---------- Data

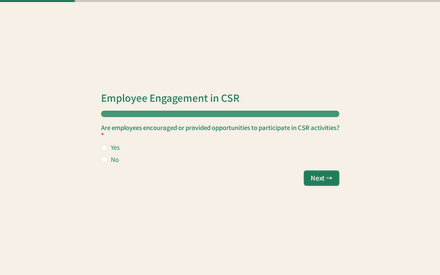 Engagement form page preview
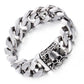Coutureaura Skull Clasp Cuban Bracelet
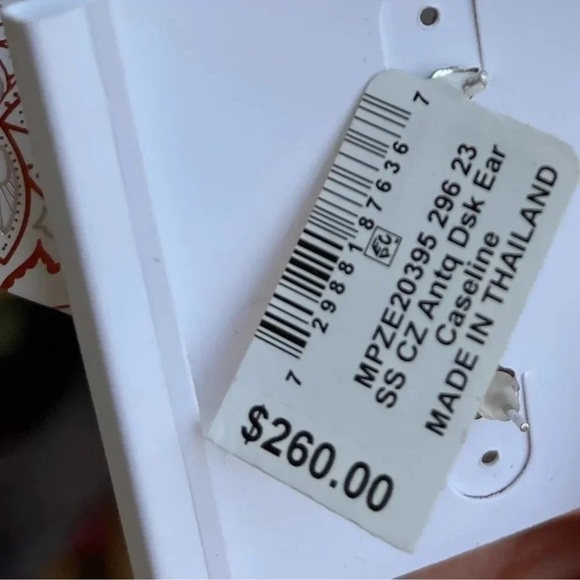 Giani Bernini Antique Mandala 925 Sterling Silver Diamond Crystal Earrings - Picture 3 of 5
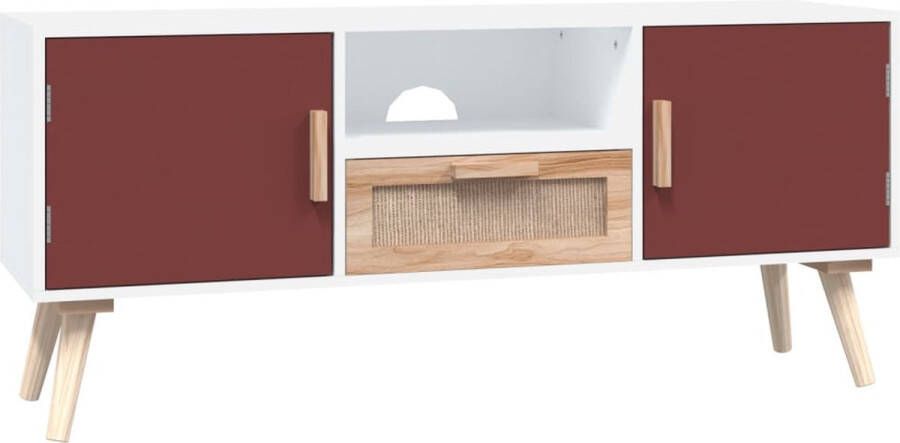 VidaXL -Tv-meubel-met-deuren-105x30x45-cm-bewerkt-hout - Foto 2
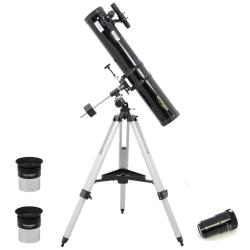 T&eacute;lescope Omegon 114/900 + Monture Equatoriale Type A + Oculaires + Barlow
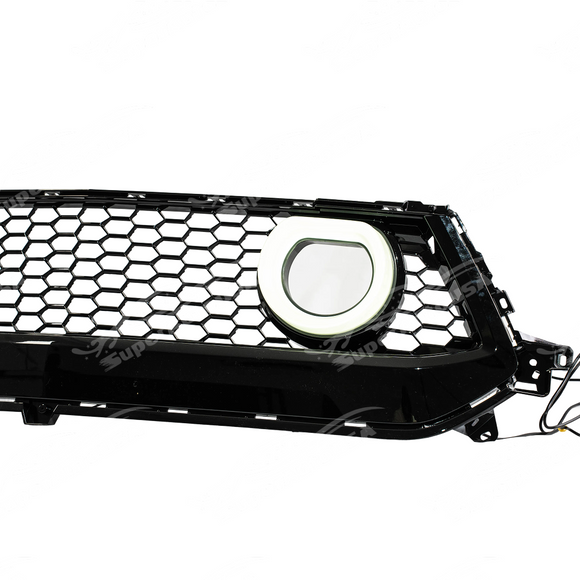 Uninstalled GT-V style front bumper grill with integrated LED wiring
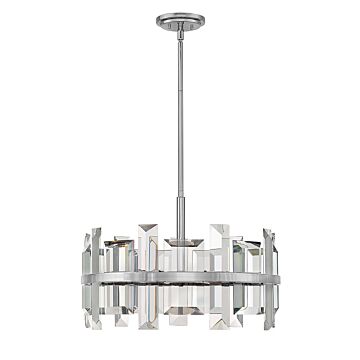 Fredrick Ramond Odette 6-Light Chandelier In Polished Nickel*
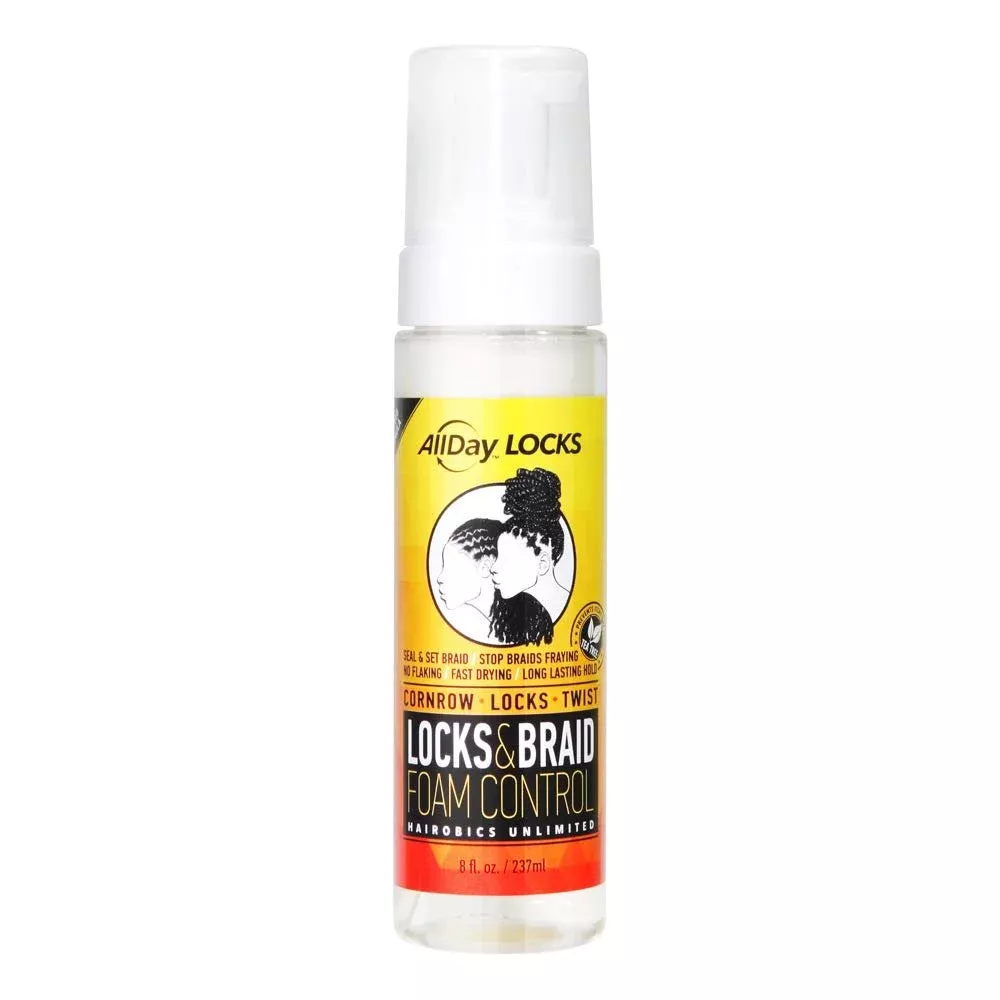 Hairobics All Day Locks & Braid Foam Hair Control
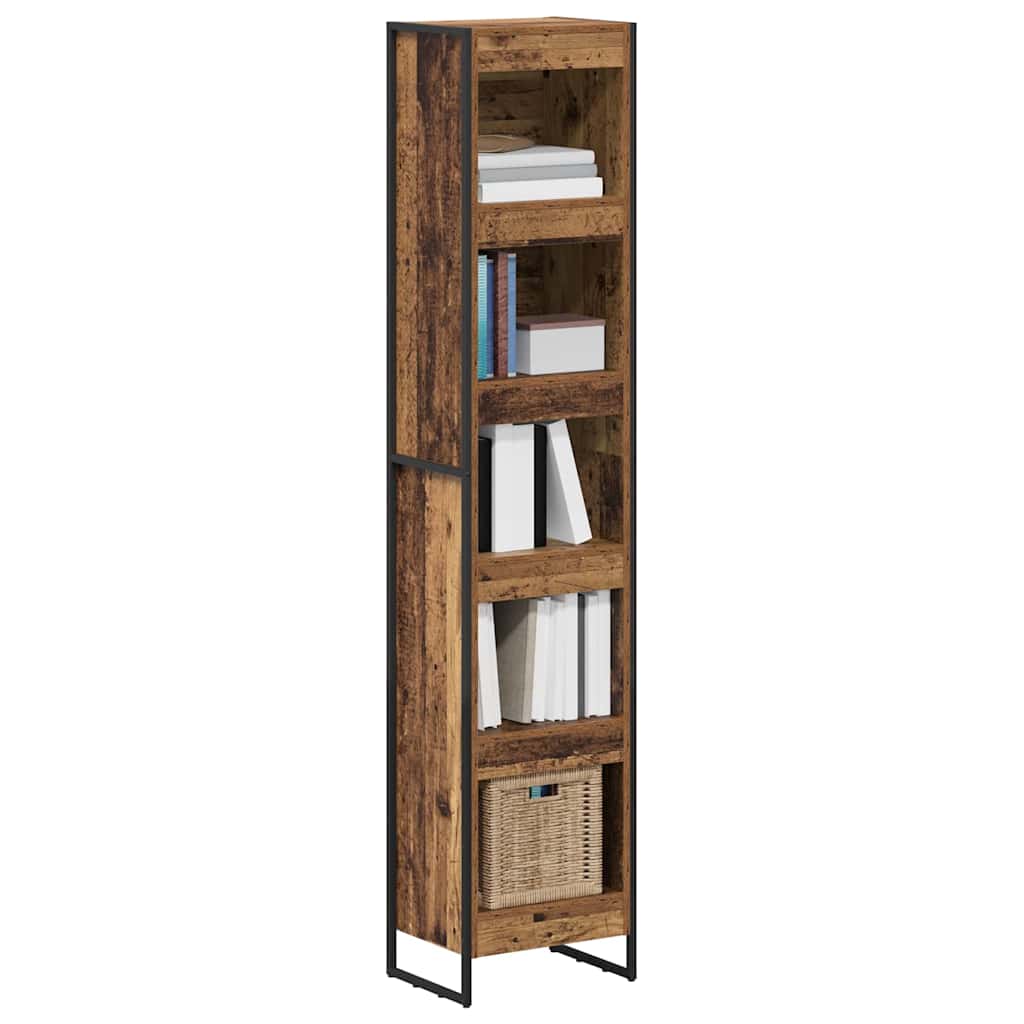 Bücherregal 40 x 30 x 189,5 cm Holzwerkstoff Altholz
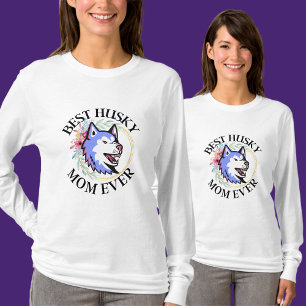 Husky Mamma, Hund, Mamma, Husky Gift T Shirt
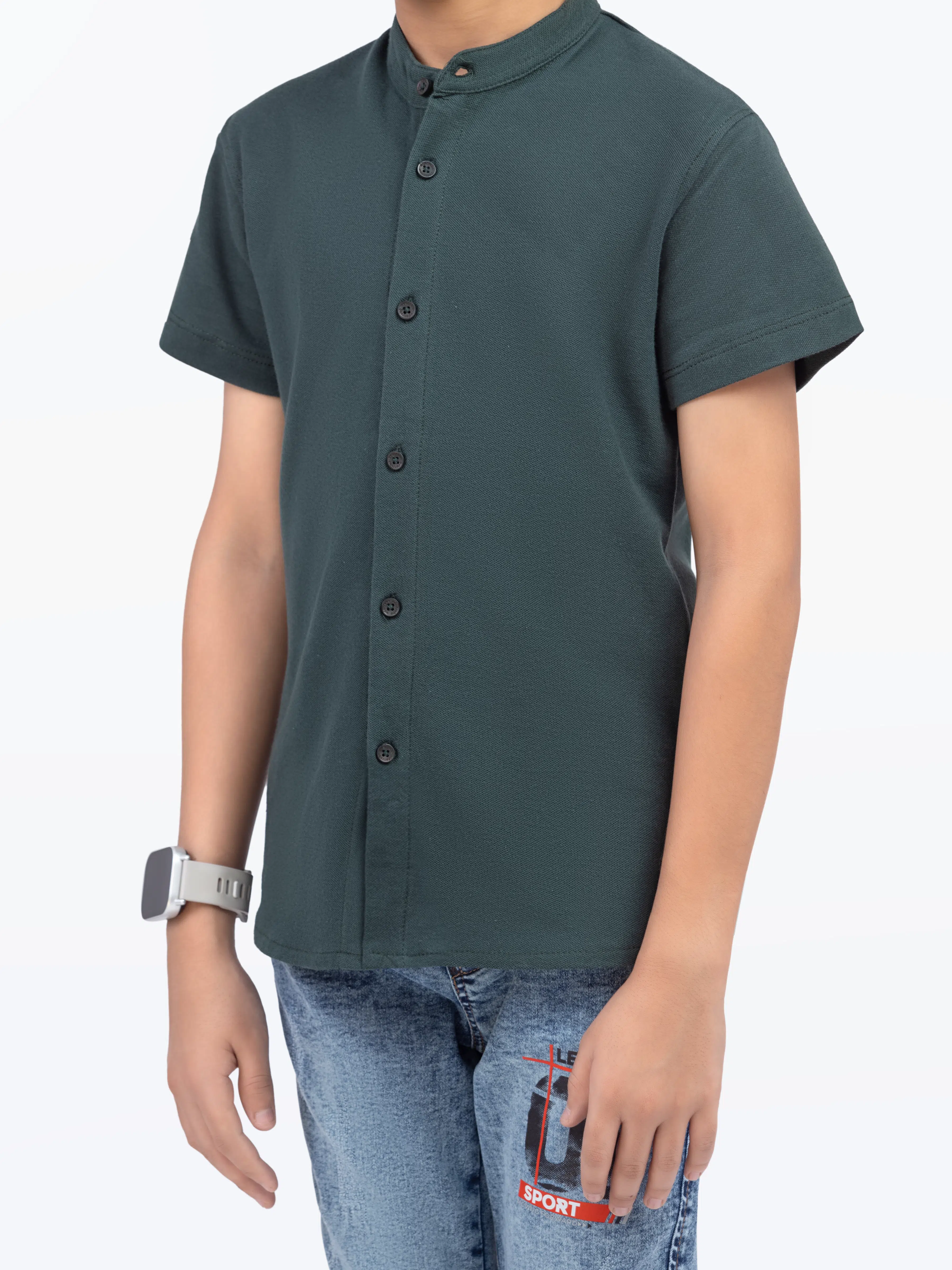 Half Sleeves Basic Shirt - EBTS24-27558 - Image 3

--------------------

### Work item
Each of the entries above must be output exactly, with none of the pictures.

### Completed task
 Engagement form page preview
Coutureaura Skull Clasp Cuban Bracelet
 Giani Bernini Antique Mandala 925 Sterling Silver Diamond Crystal Earrings - Picture 3 of 5
 VidaXL -Tv-meubel-met-deuren-105x30x45-cm-bewerkt-hout - Foto 2
 T&eacute;lescope Omegon 114/900 + Monture Equatoriale Type A + Oculaires + Barlow
 Uninstalled GT-V style front bumper grill with integrated LED wiring
 Fredrick Ramond Odette 6-Light Chandelier In Polished Nickel*
 Hairobics All Day Locks & Braid Foam Hair Control
 Bücherregal 40 x 30 x 189,5 cm Holzwerkstoff Altholz
 Husky Mamma, Hund, Mamma, Husky Gift T Shirt
 Half Sleeves Basic Shirt - EBTS24-27558 - Image 3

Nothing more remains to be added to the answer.